### Given information ###

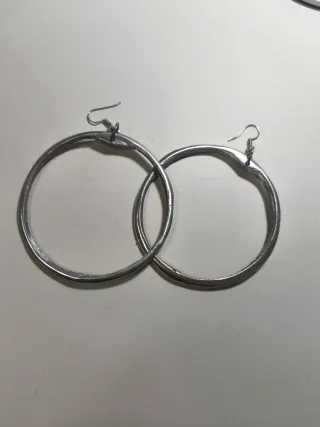 Orecchini a cerchio grandi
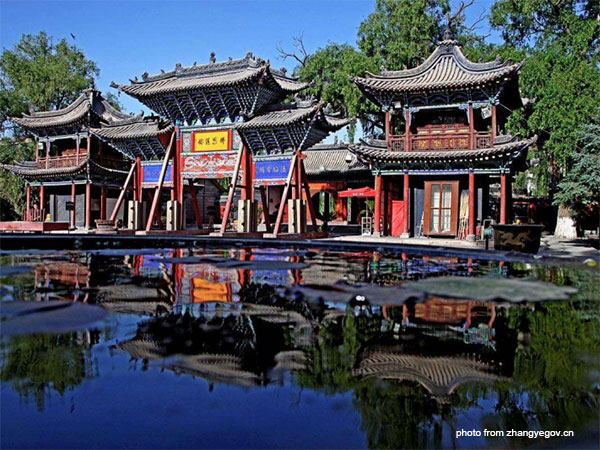 Giant Buddha Temple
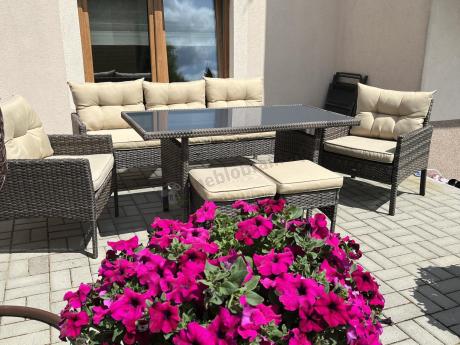 Meble ogrodowe z sofą 175cm, wysokim stołem, fotelami i pufami Perata Dining Brown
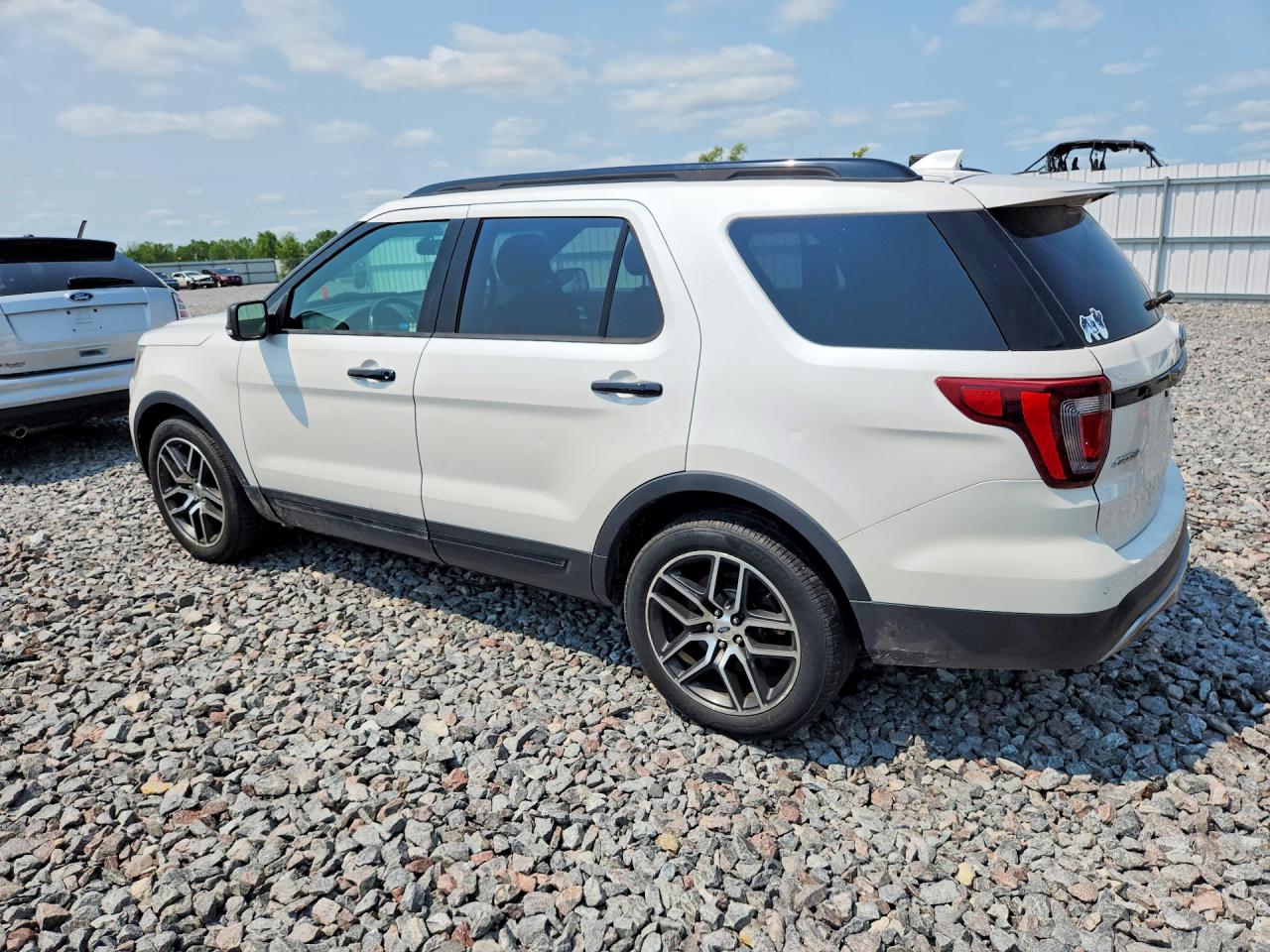 1FM5K8GTXGGA43420 · 2016 FORD EXPLORER · 2/12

###

• _Activity_: With the pictures removed, set down every line of the listing above exactly.

• _Response below_:
 Orecchini a cerchio grandi
 Giant Buddha Temple
 Meble ogrodowe z sofą 175cm, wysokim stołem, fotelami i pufami Perata Dining Brown
 1FM5K8GTXGGA43420 · 2016 FORD EXPLORER · 2/12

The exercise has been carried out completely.